User:Rich Farmbrough/Disambig scripts

From Wikipedia, the free encyclopedia
Jump to navigation Jump to search

Scripting

Download the database.

Note these scripts work with the SQL databse dumps, not with the XML dumps.

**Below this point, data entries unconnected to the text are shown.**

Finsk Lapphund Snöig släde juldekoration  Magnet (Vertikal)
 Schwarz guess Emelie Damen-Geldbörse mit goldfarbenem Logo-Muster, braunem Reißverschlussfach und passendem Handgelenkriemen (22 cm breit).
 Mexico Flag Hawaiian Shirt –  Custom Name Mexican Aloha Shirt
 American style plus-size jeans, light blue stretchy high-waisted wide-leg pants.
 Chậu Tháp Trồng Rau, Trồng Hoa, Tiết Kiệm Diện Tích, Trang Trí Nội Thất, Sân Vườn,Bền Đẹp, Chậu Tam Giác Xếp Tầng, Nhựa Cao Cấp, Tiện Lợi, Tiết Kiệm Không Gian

Create this perl script dab.pl



#!/usr/bin/perl

while (<>) {
	@lines=split /\[INSERT INTO \`cur\` VALUES \(|\d\'\),\(|\d\'\);\n/;
      foreach $line (@lines){
		$line =~ m/\d+,(\d+),'(.+?[^\\])','(.+?[^\\])','/;
		$space=$1;
		$name=$2;
		$text=$3;
            if ($space==0) {
			if ($text =~ m/\{\{disambig\}\}/){
				print $name, "\n";	
			}
			elsif ($text =~ m/\{\{msg:disambig\}\}/){
				print $name, "\n";	
			}
		}	
	}
}


run

perl dab.pl ddddddddd_cur_table.sql > dab.txt

Where dddddd is the appropriate date (Takes a few minutes, I didn't time it.)

then create countdab.pl



#!/usr/bin/perl
%dab=();
open (DAB,"dab.txt");
while (<DAB>){
	chomp();
	$dab{$_}=0;
}
$i=0;
while (<>) {
	@lines=split /\[INSERT INTO \`cur\` VALUES \(|\d\'\),\(|\d\'\);\n/;
      foreach $line (@lines){
		$line =~ m/\d+,(\d+),'(.+?[^\\])','(.+?[^\\])','/;
		if ($1==0){
			$_=$3;
			@links= /\[\[(.*?)(?:\||\]\])/g;

 			foreach $link (@links){
				if ( exists $dab{$link} ) {
					$dab{$link}++;
				}
			}
		}
	}
	
	print STDERR ".",++$i;
}
$i=0;
foreach $key (sort { $dab{$b} <=> $dab{$a} } keys %dab) {
  print "# [[", $key,"]] ([[Special:Whatlinkshere/",$key,"|links]] to ",$dab{$key}," articles)\n";
  if ($i++>200) {last;}
}


and run with something like

perl dabcount.pl dddddddddd_cur_table.sql > count.txt

where dddddddddd is the appropriate date. (takes about twenty minutes)

and you have your result. It's not perfect because it ignores nowiki, comments etc. but for a disambiguation league table it's good enough.